PIERRE BOULEZ  : C’est la définition standard du XVIII e  siècle français, qui sent fortement la bergerie ! Elle ressort d’un hédonisme précieux et courtisan. Si on la soumettait à Jean-Sébastien Bach, je crois qu’elle le ferait beaucoup rire, en dépit de la coïncidence dans le temps. On pourrait dire plus simplement que la musique est l’art de sélectionner les sons et de les mettre en relation les uns avec les autres. Sauf qu’en disant cela, on ne définit pas la musique, on décrit une certaine activité artisanale. Mais cela permet de formuler des points de vue contrastés : « ce son-ci est musical », « ce son-là est du bruit », « cette combinaison de sons est chaotique », « cette combinaison de sons est musicale ».
La culture dans laquelle nous baignons joue un rôle primordial dans nos jugements esthétiques et dans nos appréciations artistiques. Dans les autres arts se pose d’ailleurs la même question. Une installation est-elle encore de l’art, ou est-ce un lieu décoré de manière plus ou moins sophistiquée, comme une vitrine de grand magasin ?

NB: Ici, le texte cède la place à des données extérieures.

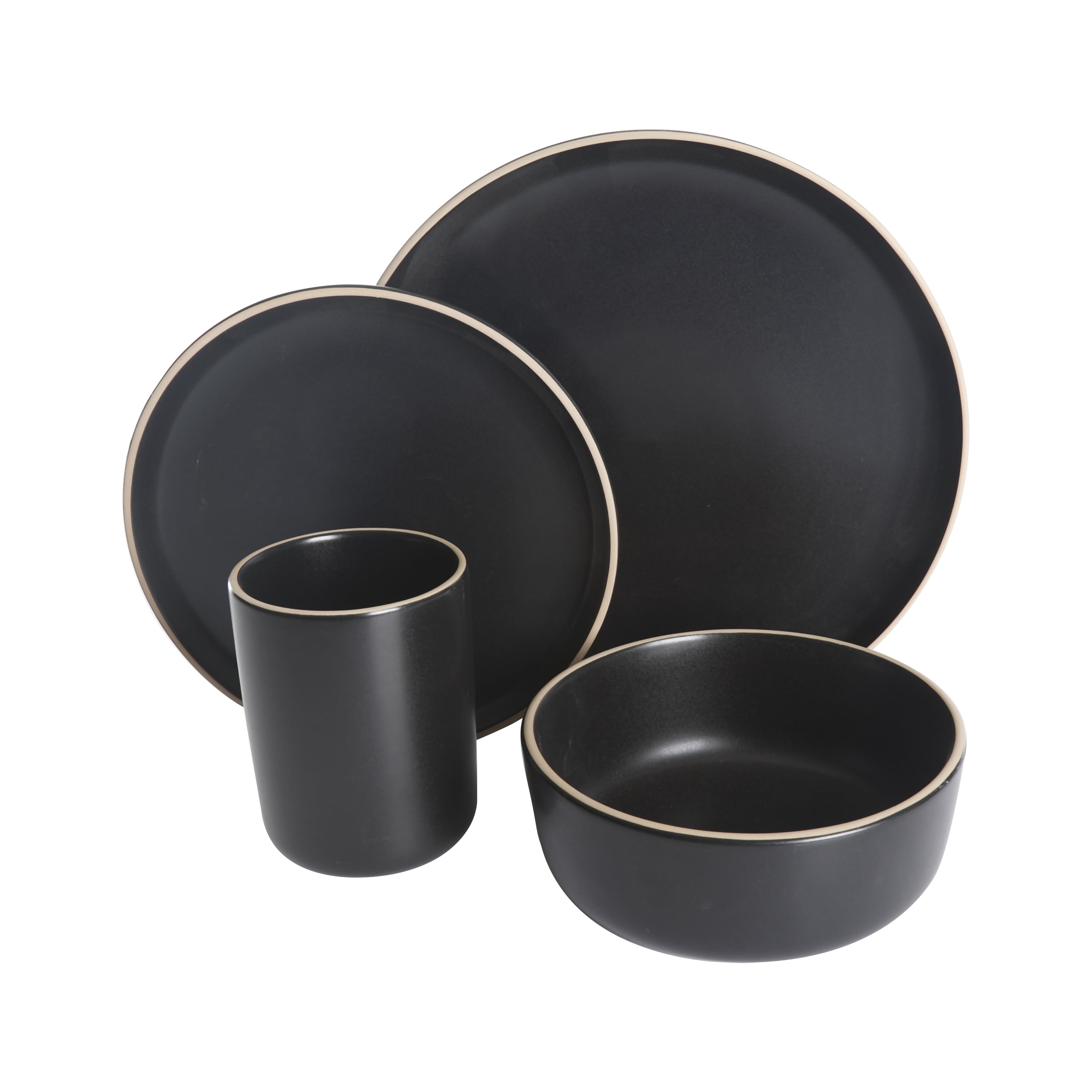 Gap Home 16-Piece Round Black Stoneware Dinnerware Set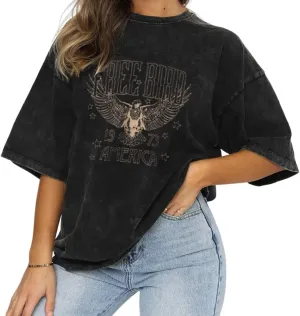 Vintage Rock Band T-Shirts for Women Retro Free Bird Eagle Graphic Country Music Tees Casual Loose Short Sleeve Tops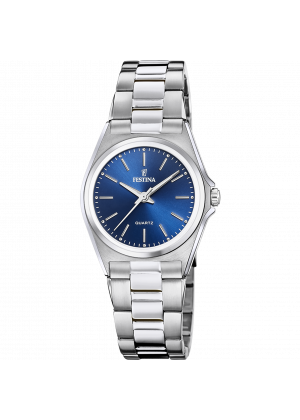 Montre festina classics f20553/3 bleu, bracelet en acier, femme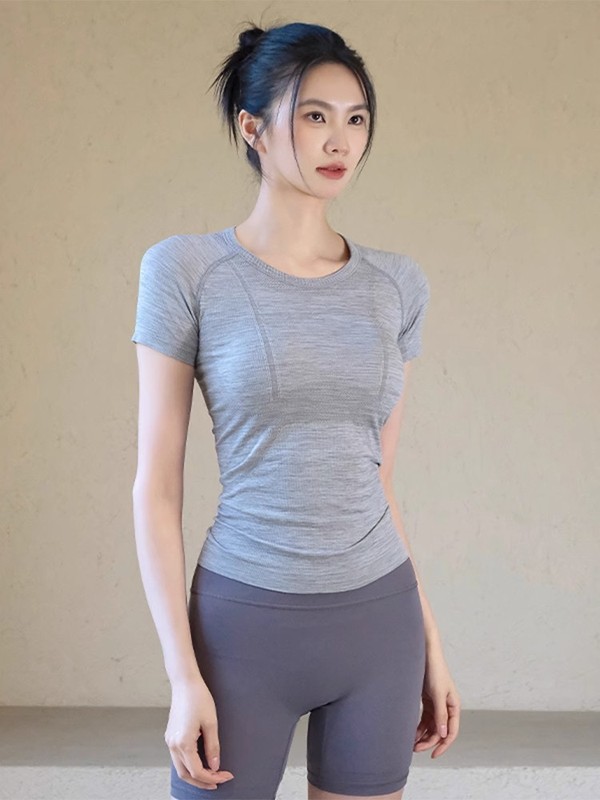 速干瑜伽服T恤女修身显瘦短袖健身服跑步训练吸汗普拉提运动上衣|undefined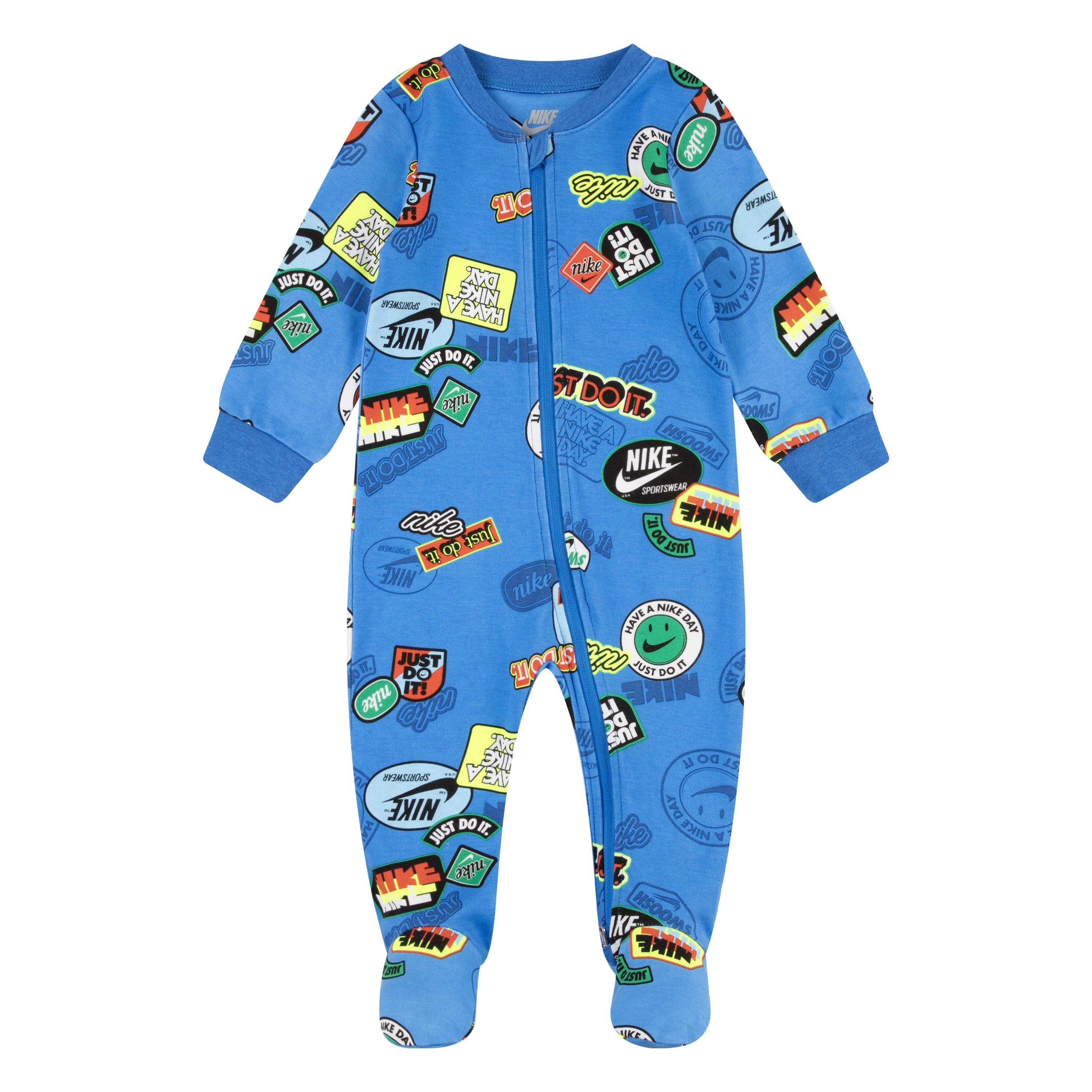 Nike  Kids' Aop Footed Coverall Onesie - Light Blue - 6-9 Mnth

J.-P.C.  : Je comprends votre position, mais pouvez-vous la préciser ?
P.B.  : Réfléchissons un peu à cette définition de la musique proposée par Rousseau. Dans l’écriture de Bach, il y a vraiment autre chose que l’agrément des sonorités. Cet agrément est certes parfois présent dans des chorales diatoniques, sans tension ni distorsion, et où le flot continu domine. Mais Bach a composé des chorales beaucoup plus dramatiques où l’on trouve des distorsions dues aux chromatismes. Et qu’a-t-il voulu faire dans L’Art de la fugue  ? Difficile à dire. Il a voulu, certainement, avant de mourir, démontrer sa virtuosité. Mais je pense là à une virtuosité d’écriture, de pensée, et non pas seulement à une virtuosité de description et de traits. Il est tout de même difficile de dire : « Oui, L’Art de la fugue est agréable à l’oreille. » S’il n’était qu’agréable à l’oreille, on ne l’aurait pas retenu comme un chef-d’œuvre parmi les chefs-d’œuvre !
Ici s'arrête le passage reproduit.